GWW / scsnv

scSNV Mapping tool for 10X Single Cell Data
MIT License
22 stars 4 forks source link

Error at scsnv map step #35

Closed DLuong79 closed 3 months ago

DLuong79 commented 4 months ago

When I try to run the map step of my pipeline, I keep getting errors that prevent the merged.bam file from being created. The error seems to be different for each run, e.g., Data length wrong dl = 606 compared to 605 Error! Inconsistent number of reads between the read1 and read 2 files error writing sam I'm running this on a public dataset from the European Nucleotide Archive.

GWW commented 4 months ago

Have you checked that the number of lines in your read files are the same?

zcat read1.fastq.gz | wc -l zcat read2.fastq.gz | wc -l

If you don't mind letting me know which dataset it is I can try to download it and take a look to see if I can identify/reproduce the issue.

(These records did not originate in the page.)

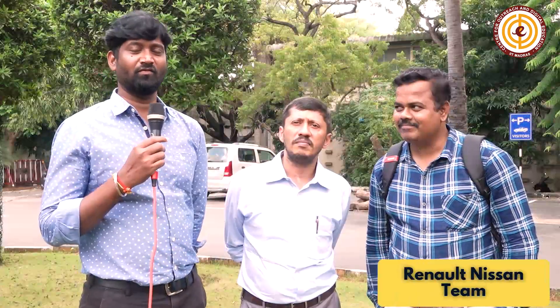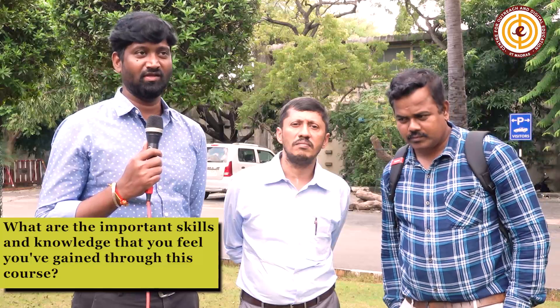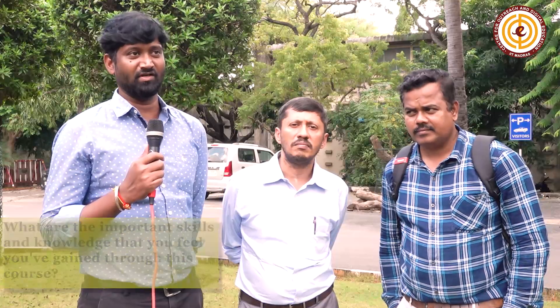From the EV point of view, the battery management and other EV components were well explained in the course, and as someone new to EV, this will be good learning even for new learners.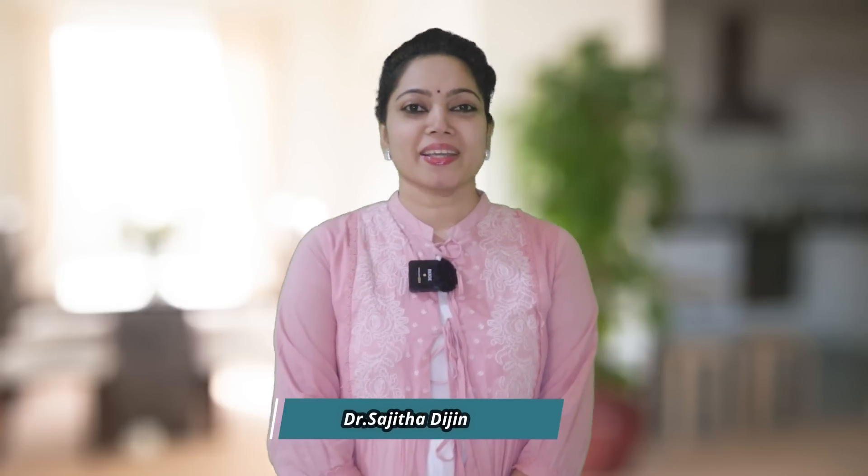Hello everyone, welcome to Ayur Jiri. There are a lot of questions about keratosis pilaris, pigmentation, acne, and pimples. Pigmentation is not a big thing — we have a solution in Ayurveda.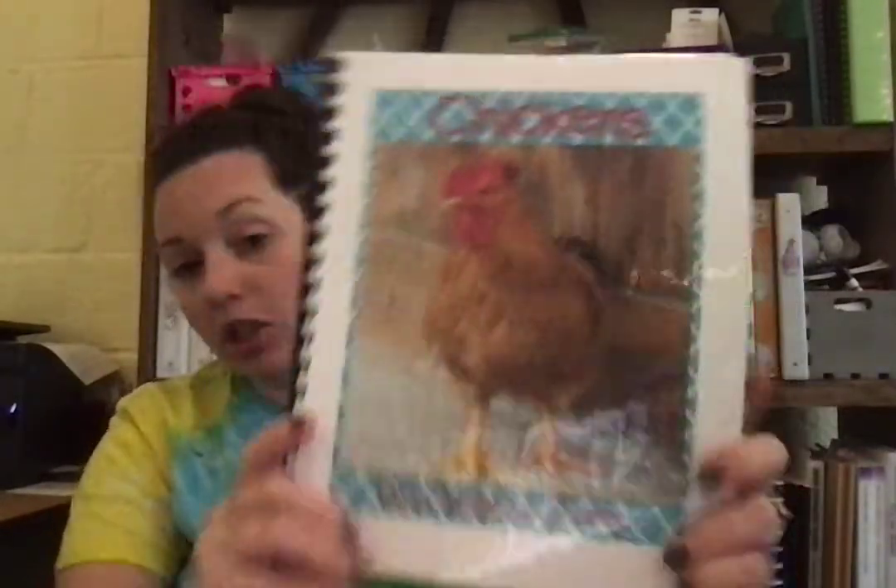Hey friends, I just wanted to get on and read you the chicken book. You should be starting chickens this week. This is the book that's going to go along with most of our chicken worksheets. If you want to come back and replay this when you're looking at some of the sheets, some of them have numbers in the bottom corner and it tells you what page you can find the information on.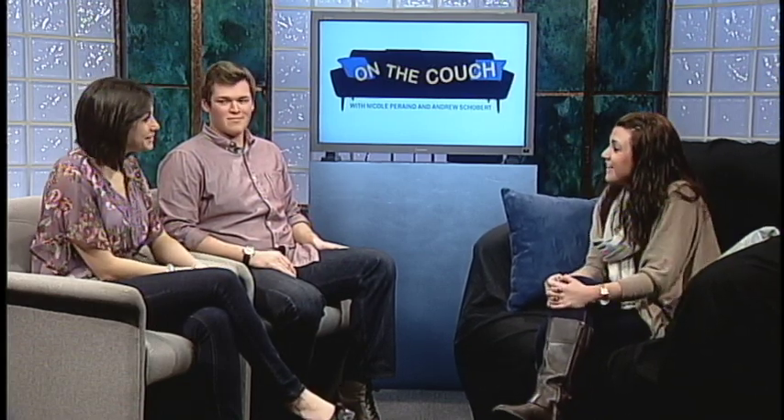All right, Caitlin. Thank you so much for coming on. Thank you for having me. All right, and we will be right back with more On The Couch.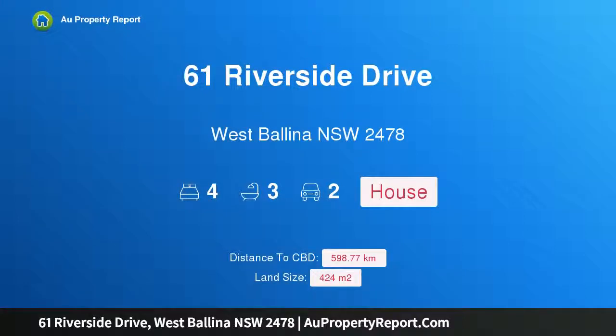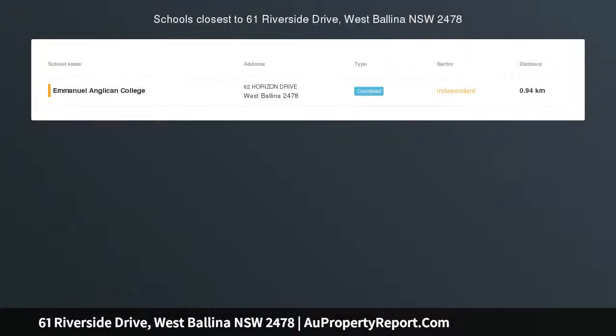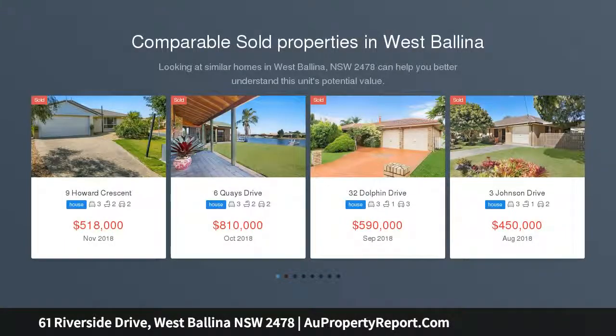Hi, I am glad to introduce Property 61 Riverside Drive, West Ballinan, NSW 2478. Spacious Family Home in Riverside Drive. Auction Location: On-site.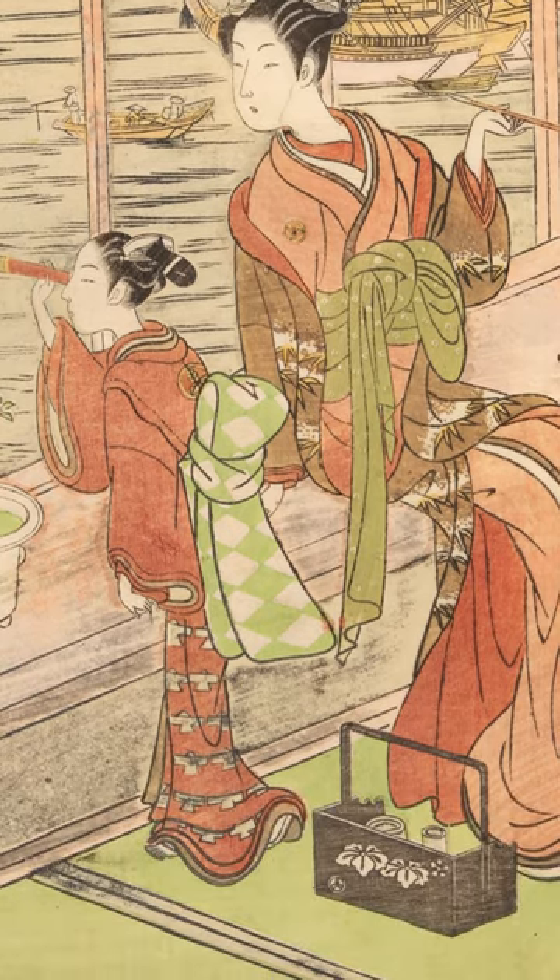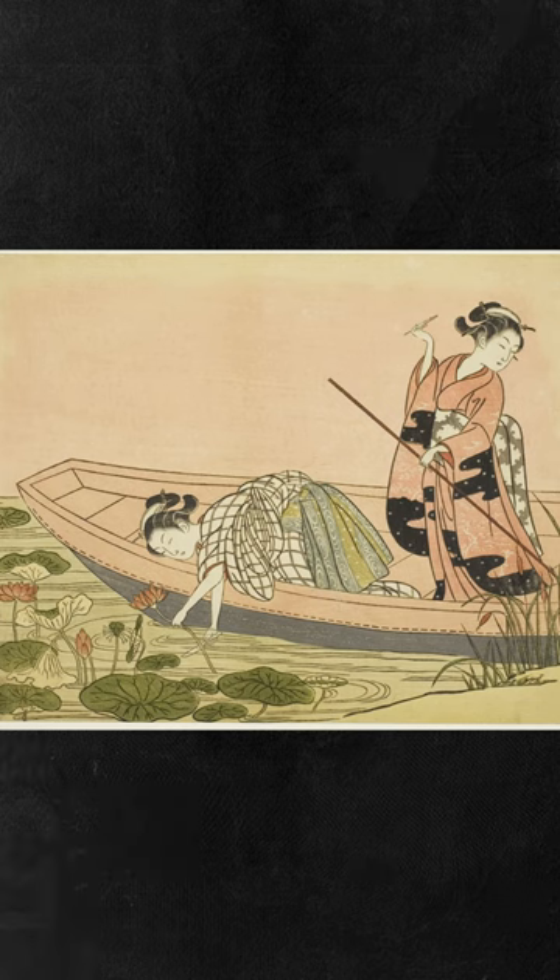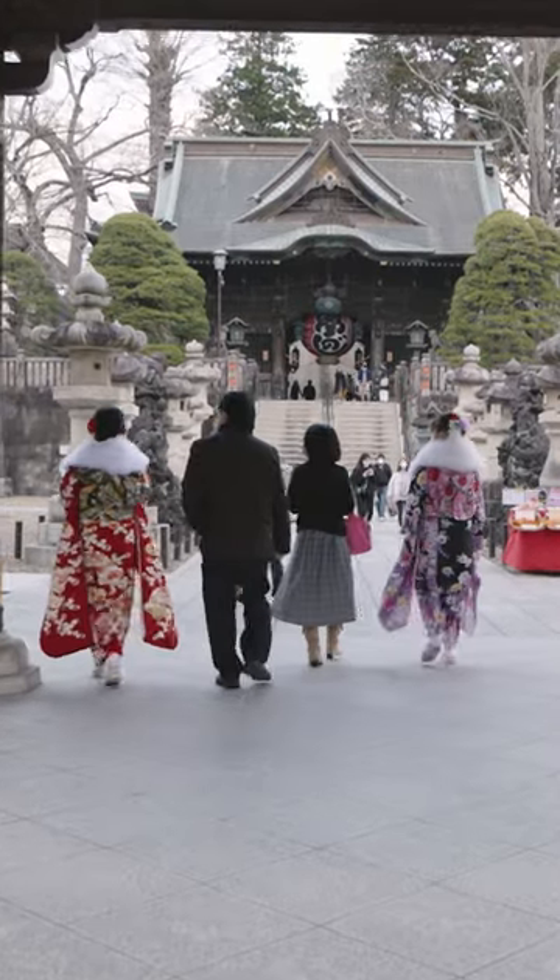Versions of the kimono have been worn for centuries. Today, the kimono is viewed as formal wear, worn on special occasions like weddings.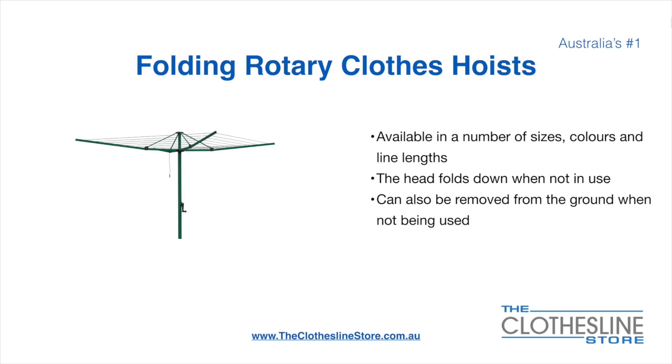Folding rotary head clothesline hoists are available in a number of sizes, colours, and line lengths. The head folds down when not in use and they also can be removed from the ground when not being used.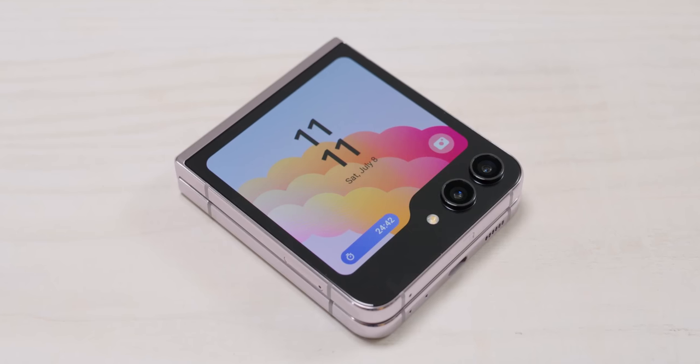I spent a little time with the newly launched Samsung Galaxy Z Flip 5 and the Z Fold 5, and they have some very significant improvements this year — very functional changes to these devices.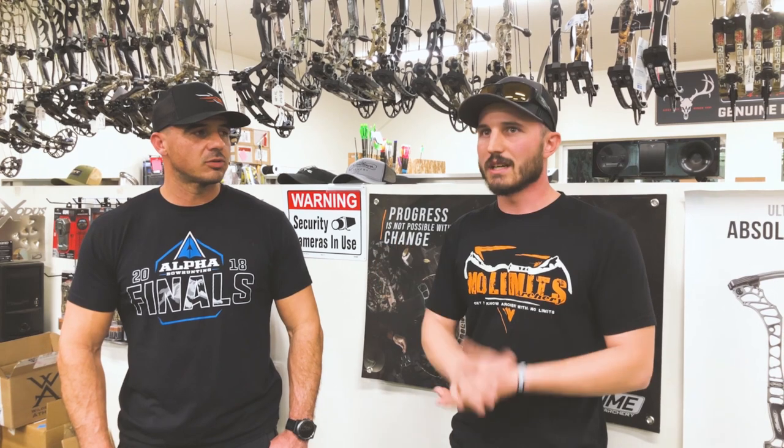I think that a guy just getting into the sport, if he picks up a $400 fully built bow, can he get out in the woods and be successful with it? Absolutely.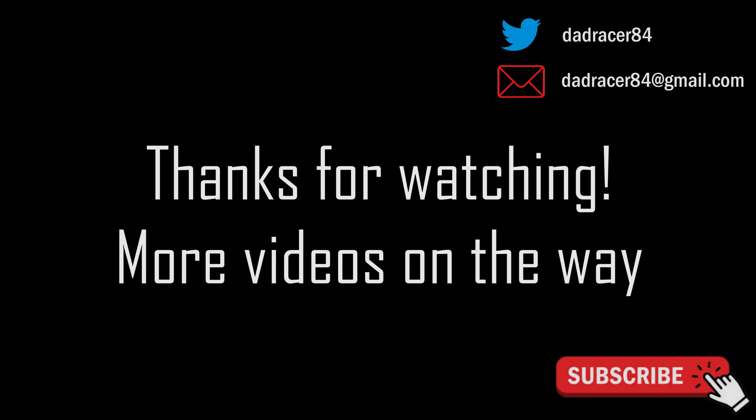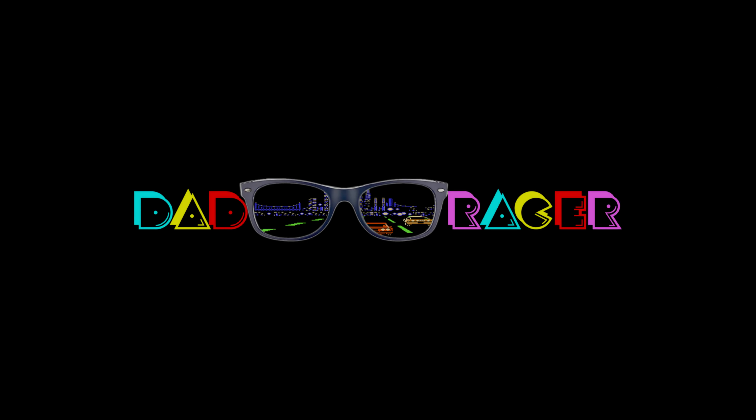Guys, thank you so much for the trades, thank you for watching the show. Welcome back to the Dad Racer program — new videos whenever I make them. Looking forward to some upcoming gameplay videos, and thanks for tuning in. I'll see you soon!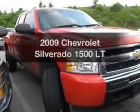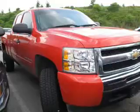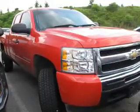Get noticed in this 2009 Chevrolet Silverado 1500. Travel the roads in style and comfort in this great vehicle.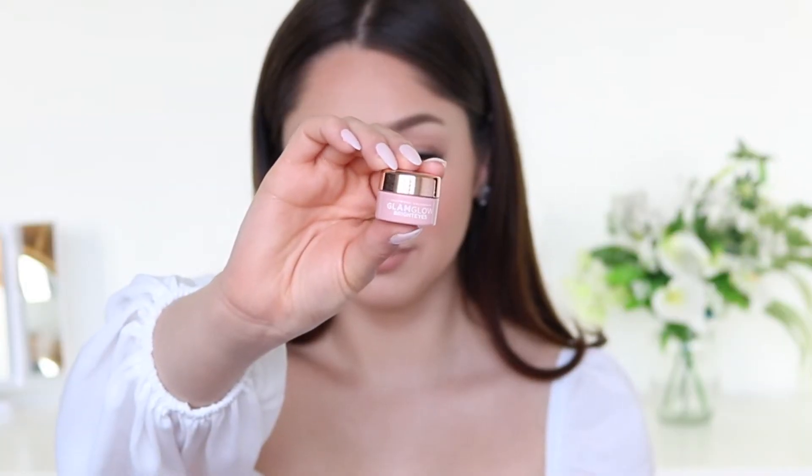The second thing that came in my Glam Bag is the Glam Glow Bright Eyes Eye Cream — it's an illuminating anti-fatigue eye cream. It says to pat a small amount onto the entire eye area and it can be used daily as desired. I'm assuming I can wear this underneath my makeup, so I will definitely be trying this.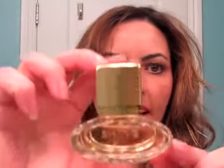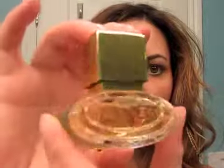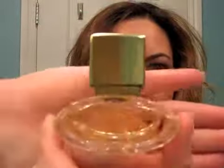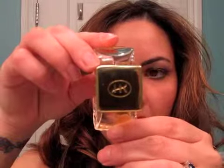Very pretty bottle. So it says Shine — it's embossed on both sides. You might not be able to see this, but hopefully that makes it easier to see. And on the top is her signature, HK.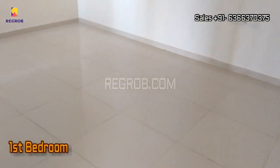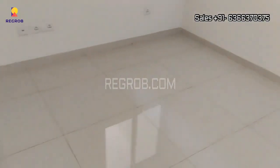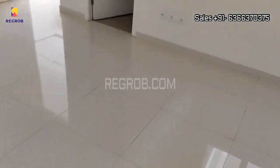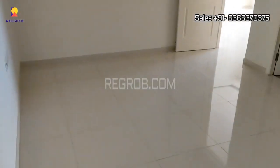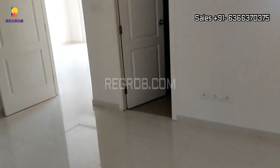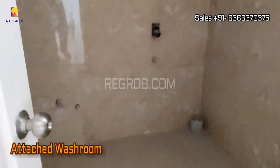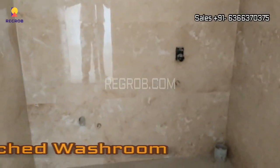Now this is our 1st bedroom of the flat. This bedroom comes with an attached washroom.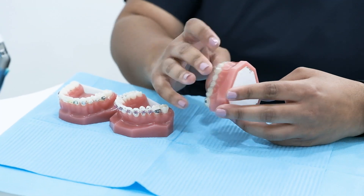Hello, I'm Dr. Deepti Chakrapani, specialist orthodontist at Go Dental Clinic. Today let's talk about the types of braces.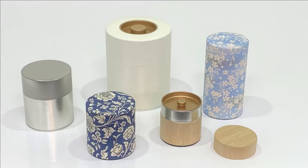We are Kotodo Takahashi Corporation, making traditional Japanese tea canisters since 1910 in Tokyo, Japan.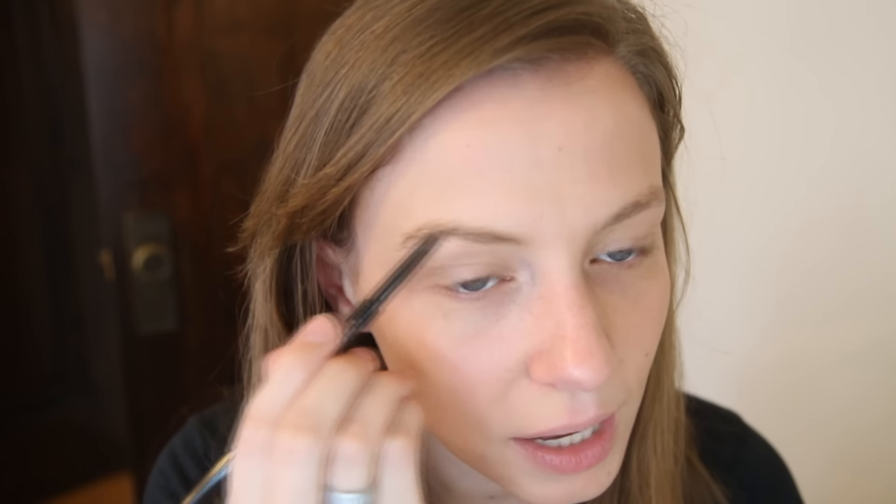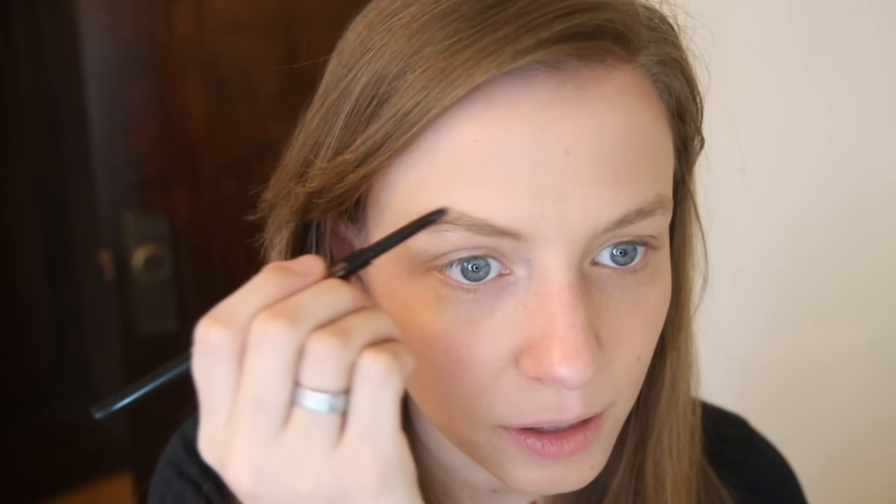Next is brows. This is the Anastasia Brow Wiz. If you watch any of my beauty videos, all these products are going to be like, I know you talk about them all the time. What I really like about this is the spoolie — you just go and make sure your eyebrows don't look crazy. Every time I take a shower in the mornings, my eyebrows look like I'm an elf; they kind of stick up all over the place. And then I just fill in my brows, following their natural shape. They're just a little bit darker — nothing crazy, just enough that they look a little bit more prominent.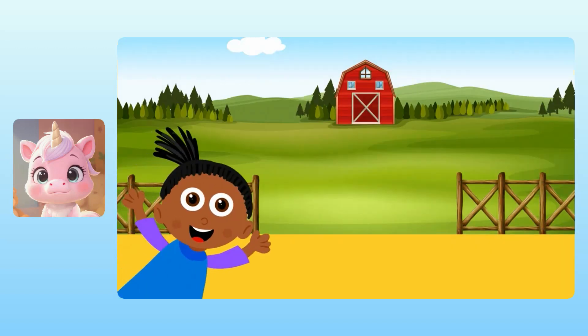Our next story problems take place on a farm, but we're gonna do something different this time. I want to see if you can do addition problems without the pictures. You might have to use your imagination. Yuna, can you use your imagination today? I can do it. I have a big imagination. Let's give it a try, and if you get stuck, I can help you out.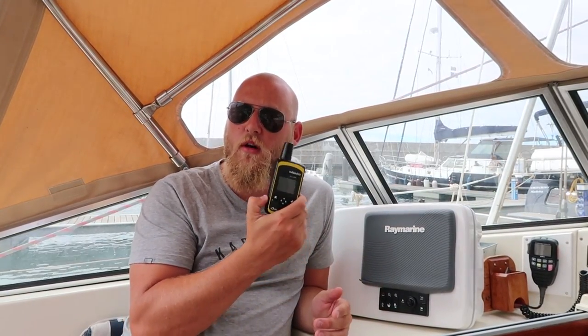The second key feature is the tracking. We've set it to ping the satellites every 20 minutes, and you can go on our website page and actually see where we are in the world in real time. If you went on there now, you'd see we're in the Madeiras in our marina.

DLuong79 commented 4 months ago

I downloaded the fastqs from this page: https://www.ebi.ac.uk/biostudies/arrayexpress/studies/E-MTAB-9543/sdrf I only downloaded files from Patient 386C and Patient 432C (Sort by "Patient").

GWW commented 4 months ago

Is there a specific sample from those patients that is giving you the issue or are they all giving you an issue?

DLuong79 commented 3 months ago

All of them except for ERR9924270 (transverse colon) fail to reach the end of the pipeline.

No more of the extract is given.